J’ai toujours voulu faire connaître et partager ce lieu magique à tous ceux que j’aimais. Mes amis, mes parents par alliance, plus tard mes enfants. Pour leur faire vivre ce pèlerinage des perceptions. Tous n’étaient pas adeptes.

Un avril qu’étaient venus deux de mes beaux-frères du moment, ils avaient décrété, à peine arrivé, que ce lieu où il n’y avait que quiétude et richesse de l’espace à percevoir, était sans intérêt et qu’il leur fallait trouver de toute urgence un Trivial-Pursuit. Ils ne s’étaient pas contentés d’aller au Tréport ou à Eu. Le magasin de jouet proche de « la Grande Mademoiselle », pâtisserie fameuse, devait avoir ce genre d’article. Il leur avait fallu aller jusqu’à Dieppe, cinquante bornes, la ville. L’odeur de kérosène des gros tonnages leur rappelant sans doute un peu, nostalgiques, leur pollution parisienne. Ils étaient revenus avec le jeu indispensable et, un camembert. L’un des beaux-frères racontant avec emphase qu’il avait déniché ce fromage fabuleux dans une crèmerie extraordinaire.
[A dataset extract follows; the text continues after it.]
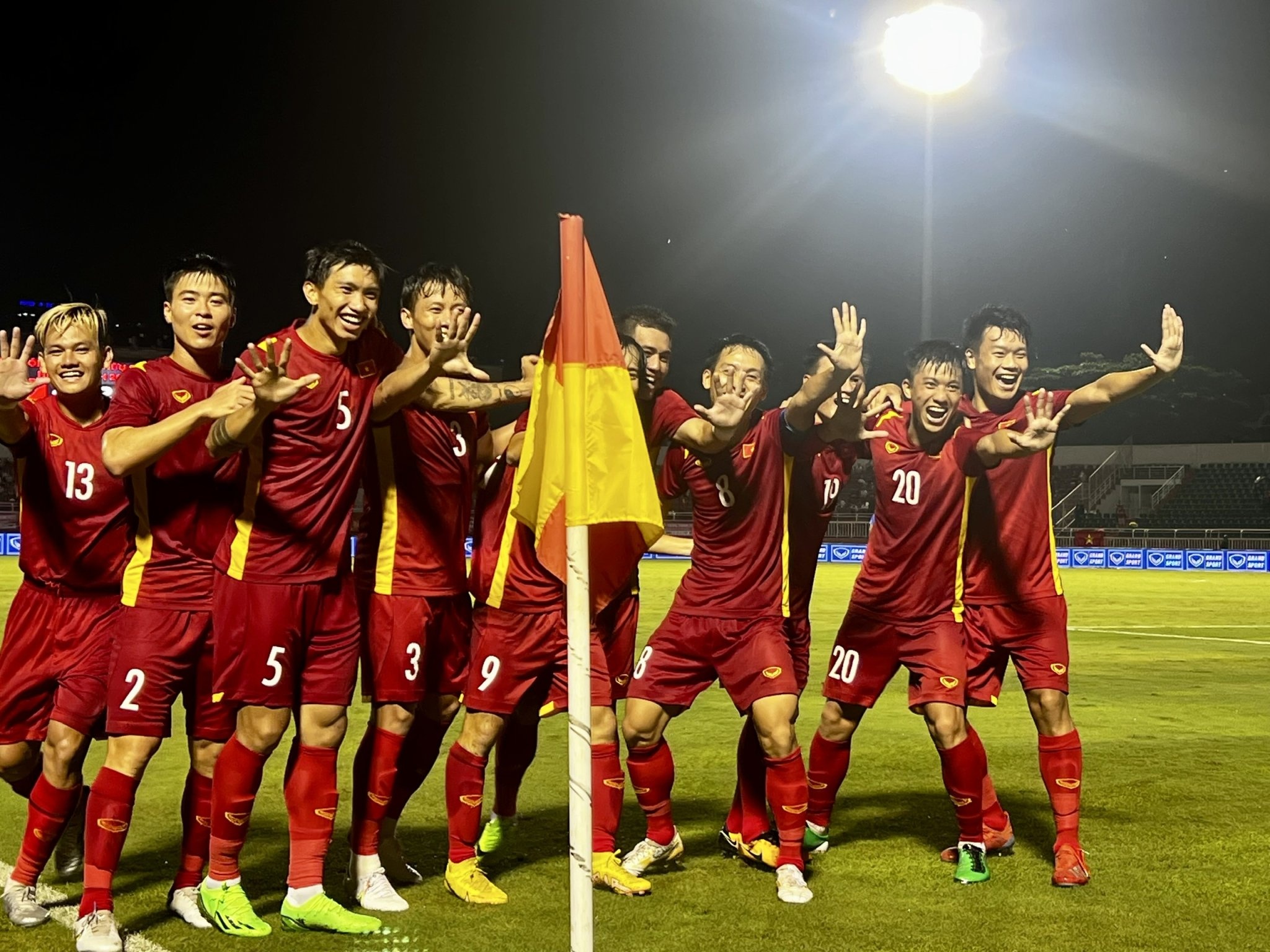 Thăng hạng FIFA Việt Nam: Điều lý thú khi tuyển bóng đá Việt Nam thăng hạng trên BXH FIFA. Quá trình cố gắng và chiến thắng của đội tuyển được tái hiện đầy đủ và ấn tượng trong bộ sưu tập hình ảnh này. Hãy cùng chiêm ngưỡng những khoảnh khắc tuyệt vời của đội bóng xứng đáng được vinh danh này.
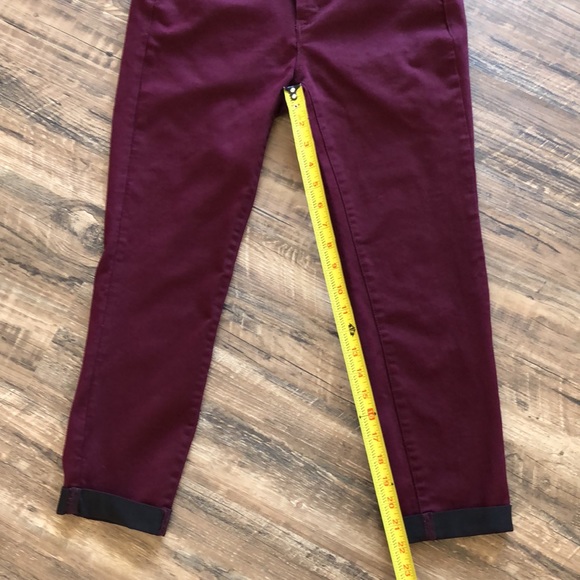 Wax Jeans burgundy capris - Picture 7 of 10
A la fin du repas, le camembert fût présenté avec cérémonie, tout seul sur son assiette. Chacun prenant religieusement une petite portion. Il était à savourer sans avidité, vu l’importance qu’on lui octroyait. Or ce camembert était…épouvantablement trop salé. Il me rappelait la poignée de sable de mes trois ans. Chacun se regardait, personne n’osait rien dire. Et le beau-frère porteur de l’offrande mystique de s’exclamer : « il y a longtemps que je n’avais pas mangé un camembert aussi bon. ». J’ai souri, compatissante. Je venais surtout de faire une découverte hors pair. Celle que le snobisme altère les papilles et récepteurs neurosensoriels du goût.
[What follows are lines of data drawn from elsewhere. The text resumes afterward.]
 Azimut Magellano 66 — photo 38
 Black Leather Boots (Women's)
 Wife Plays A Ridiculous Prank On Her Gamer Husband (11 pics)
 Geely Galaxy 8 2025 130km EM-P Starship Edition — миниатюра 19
Depuis, l’expression est restée. Quand un plat est quelconque, un aliment insipide, un dessert raté, il n’est pas rare que la collégiale s’esclaffe : « il y a longtemps… ». Et il n’est pas besoin d’en dire plus. Tout est dans le ton, tenir pointu sur le on de longtemps pour en stigmatiser le ridicule. C’est savoureux.